BEGIN

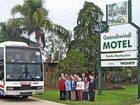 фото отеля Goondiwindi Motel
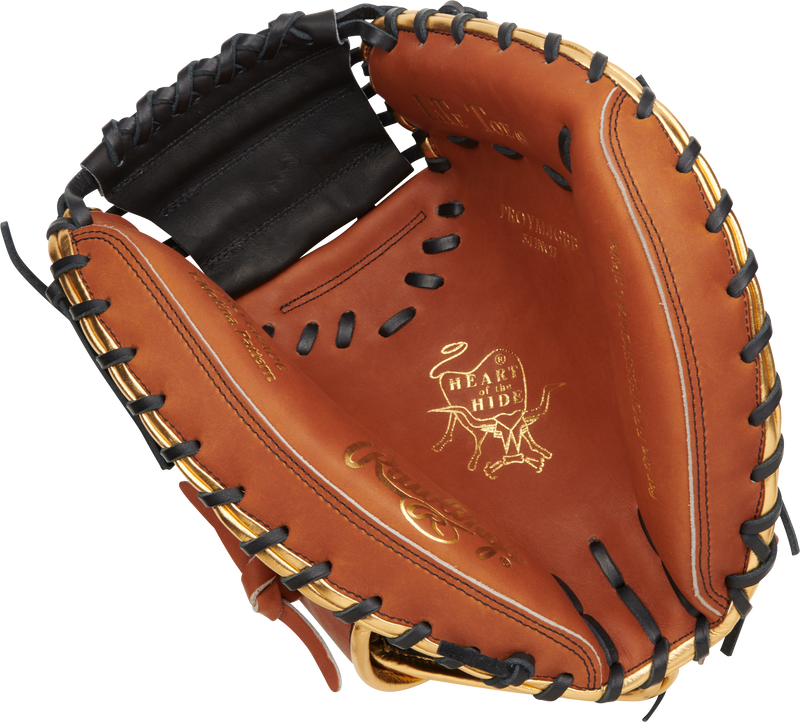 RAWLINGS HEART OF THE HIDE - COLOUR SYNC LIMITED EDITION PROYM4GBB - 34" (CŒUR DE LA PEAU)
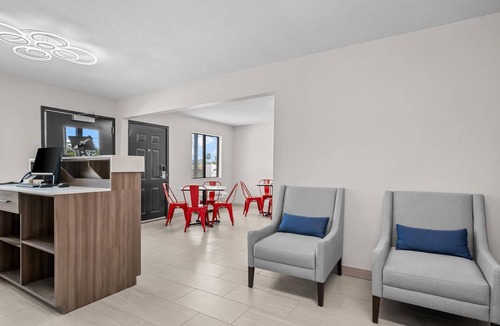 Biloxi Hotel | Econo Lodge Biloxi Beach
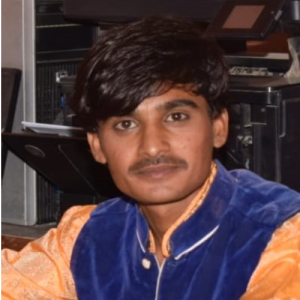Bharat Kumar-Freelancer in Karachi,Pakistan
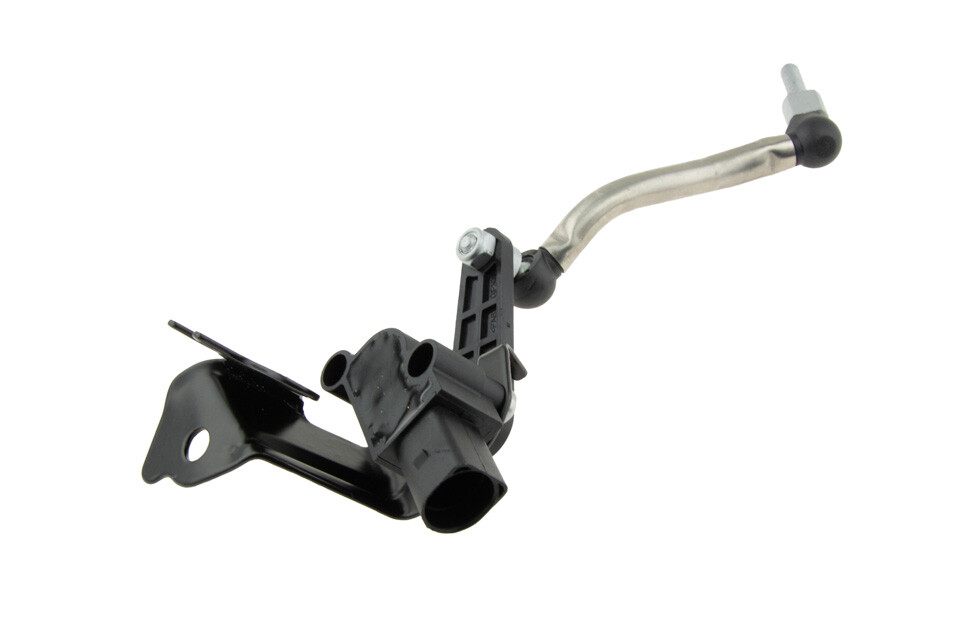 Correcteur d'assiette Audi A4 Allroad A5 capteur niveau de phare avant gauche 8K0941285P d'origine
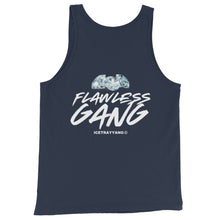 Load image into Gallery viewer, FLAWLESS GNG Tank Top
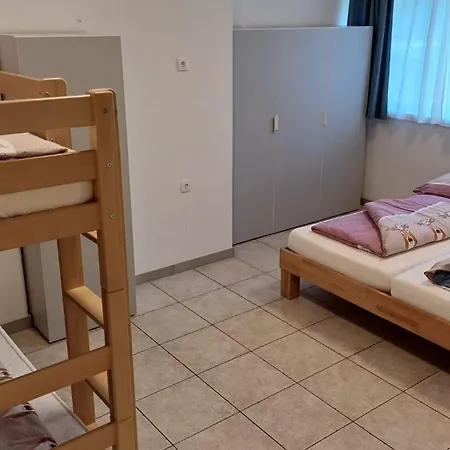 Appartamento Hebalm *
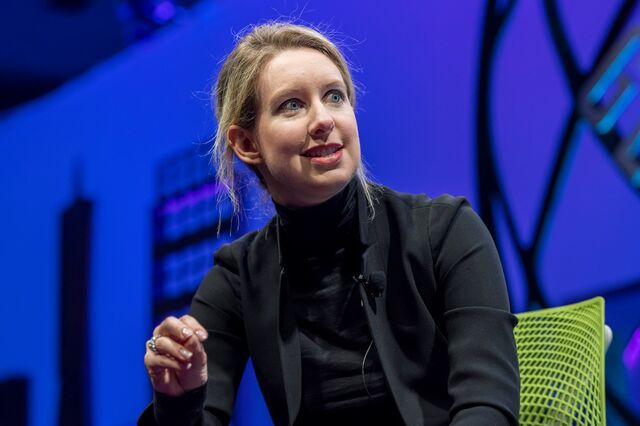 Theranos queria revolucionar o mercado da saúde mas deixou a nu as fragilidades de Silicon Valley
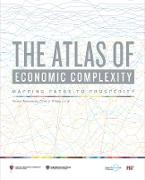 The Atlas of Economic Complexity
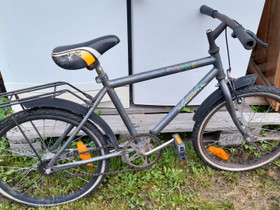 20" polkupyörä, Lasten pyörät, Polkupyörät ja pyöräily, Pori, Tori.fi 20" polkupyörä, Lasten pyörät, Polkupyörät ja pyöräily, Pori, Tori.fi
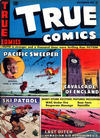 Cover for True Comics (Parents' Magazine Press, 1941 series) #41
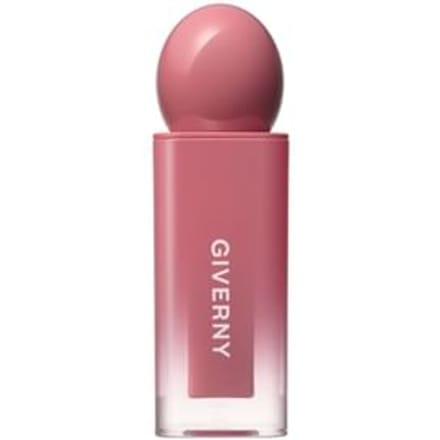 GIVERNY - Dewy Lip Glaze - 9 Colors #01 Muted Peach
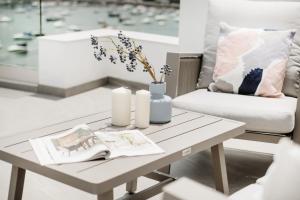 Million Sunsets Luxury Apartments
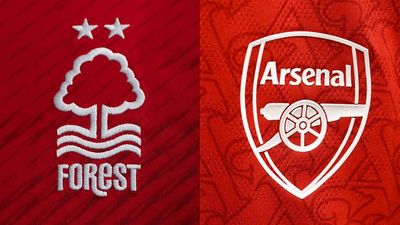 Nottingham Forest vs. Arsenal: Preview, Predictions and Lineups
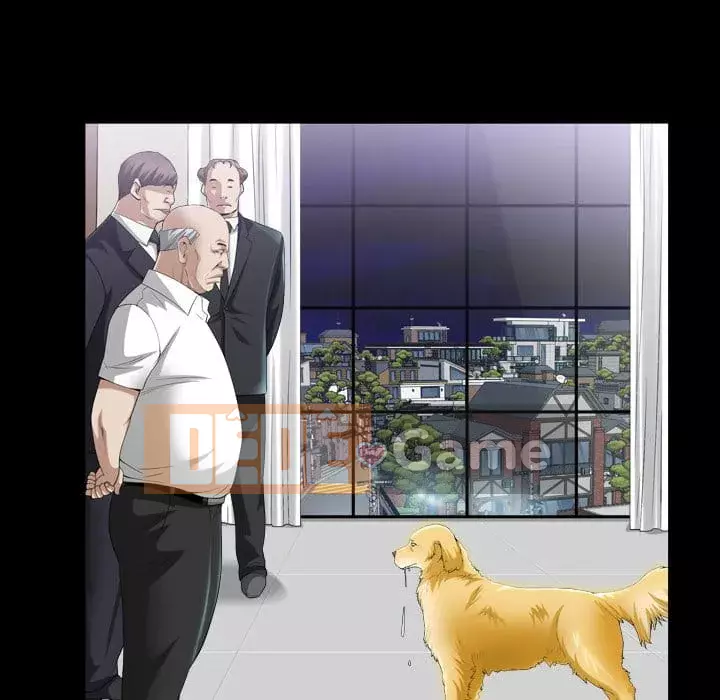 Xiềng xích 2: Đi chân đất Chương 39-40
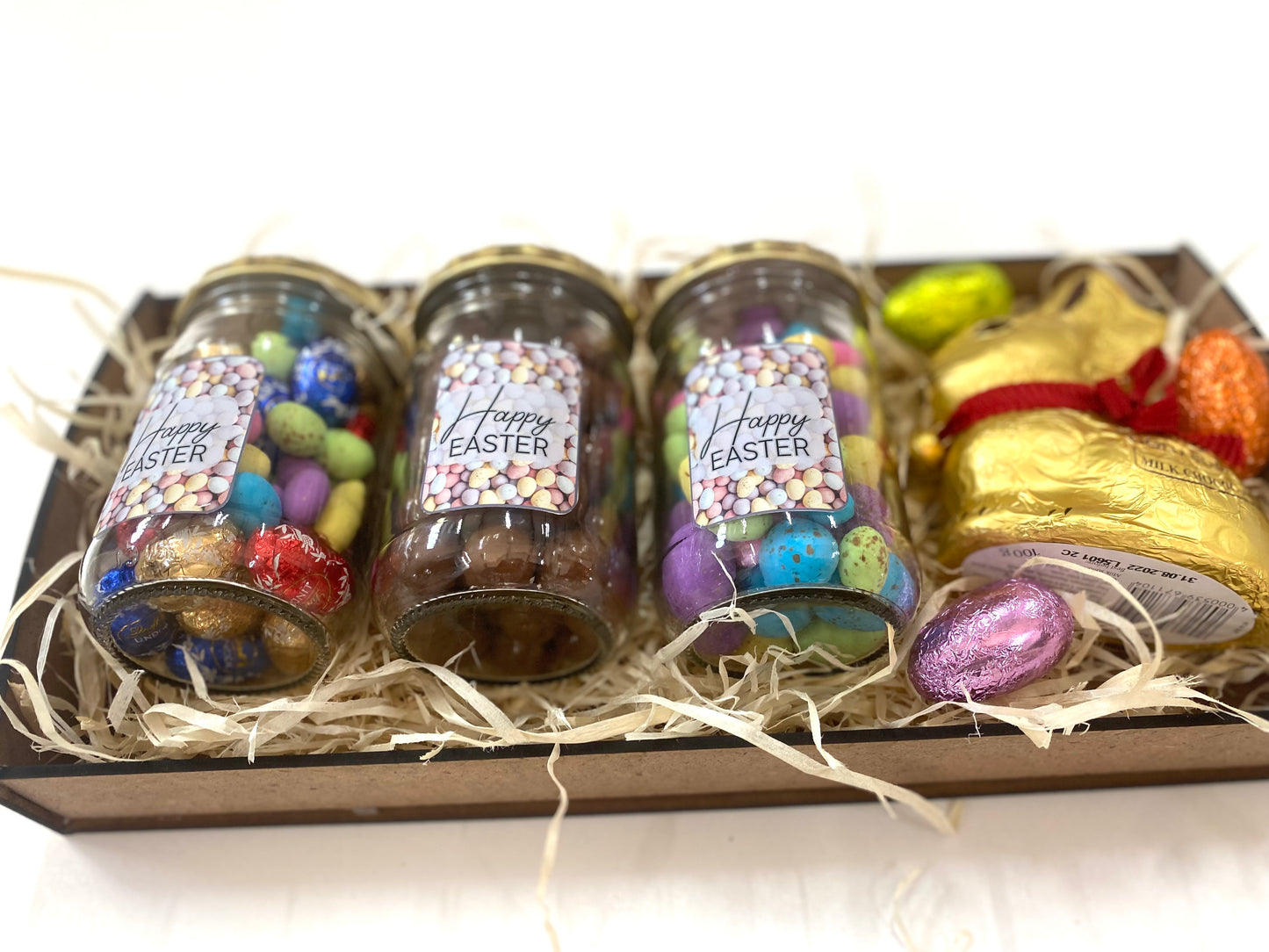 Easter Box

END
BEGIN

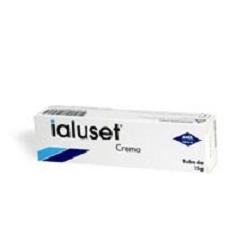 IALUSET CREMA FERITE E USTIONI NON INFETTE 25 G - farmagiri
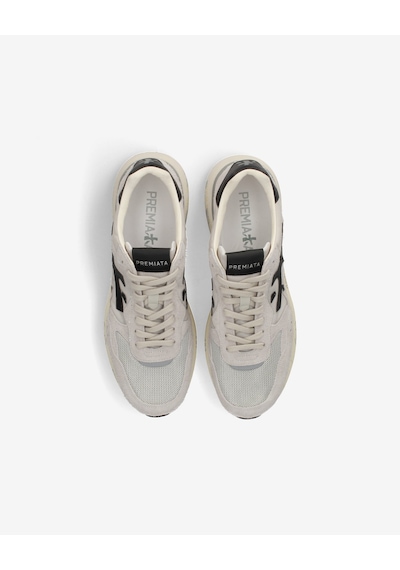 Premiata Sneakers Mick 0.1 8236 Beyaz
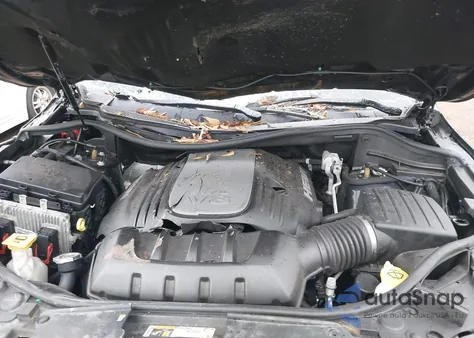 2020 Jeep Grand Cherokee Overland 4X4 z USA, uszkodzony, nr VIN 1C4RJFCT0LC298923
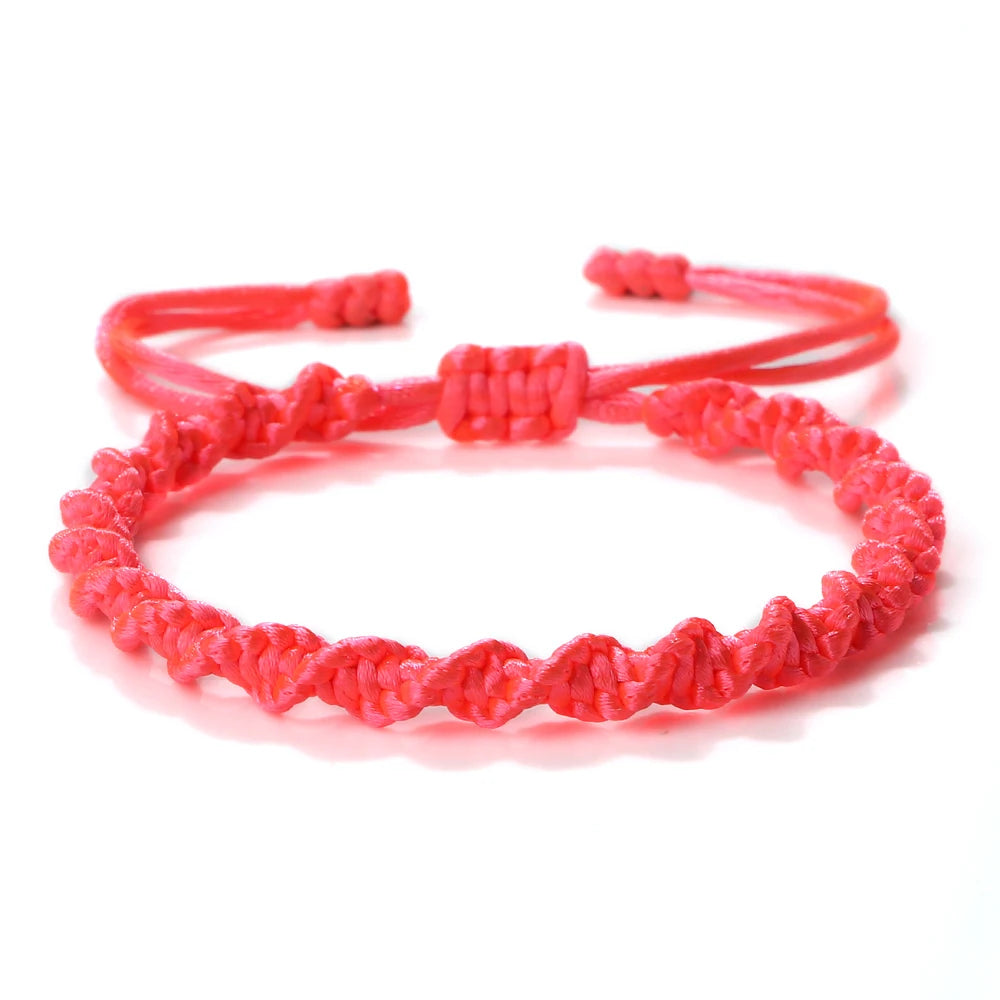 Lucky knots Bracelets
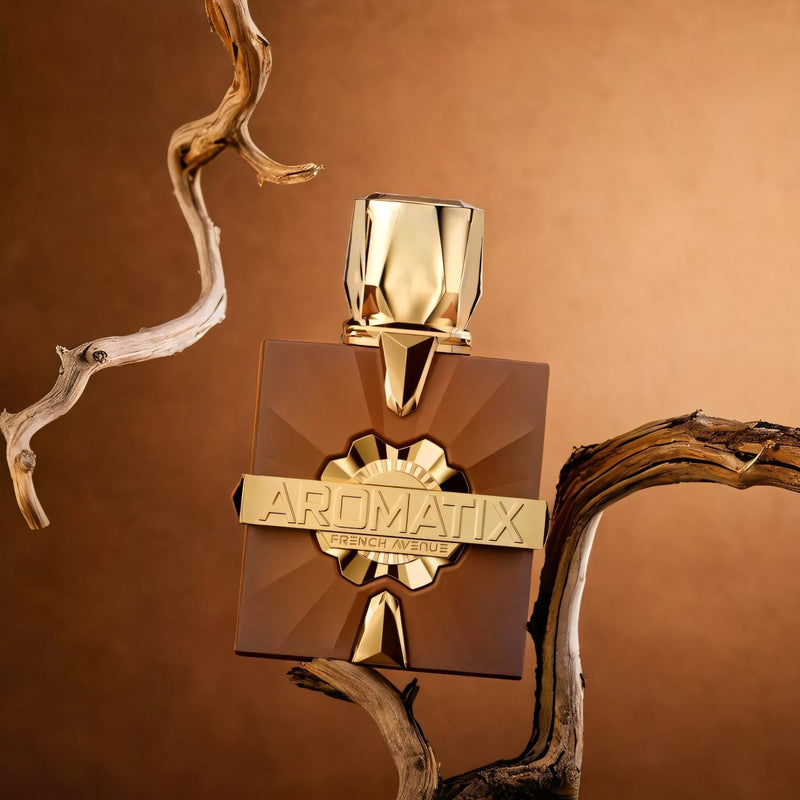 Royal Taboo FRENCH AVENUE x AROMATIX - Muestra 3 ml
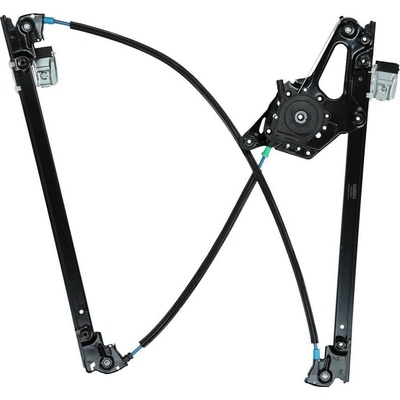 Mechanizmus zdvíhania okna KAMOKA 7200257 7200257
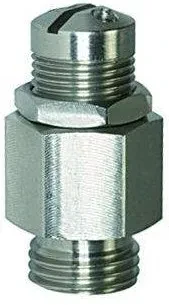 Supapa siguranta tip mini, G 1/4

END

* [REQUIREMENT]:
What are the lines above from the one with "фото отеля Goondiwindi Motel" to the one with "Appartamento Hebalm *", both included? Reproduce them exactly, without pictures.

* [EXERCISE RESPONSE]:
 фото отеля Goondiwindi Motel
 RAWLINGS HEART OF THE HIDE - COLOUR SYNC LIMITED EDITION PROYM4GBB - 34" (CŒUR DE LA PEAU)
 Biloxi Hotel | Econo Lodge Biloxi Beach
Bharat Kumar-Freelancer in Karachi,Pakistan
 Correcteur d'assiette Audi A4 Allroad A5 capteur niveau de phare avant gauche 8K0941285P d'origine
 Load image into Gallery viewer, FLAWLESS GNG Tank Top
 Appartamento Hebalm *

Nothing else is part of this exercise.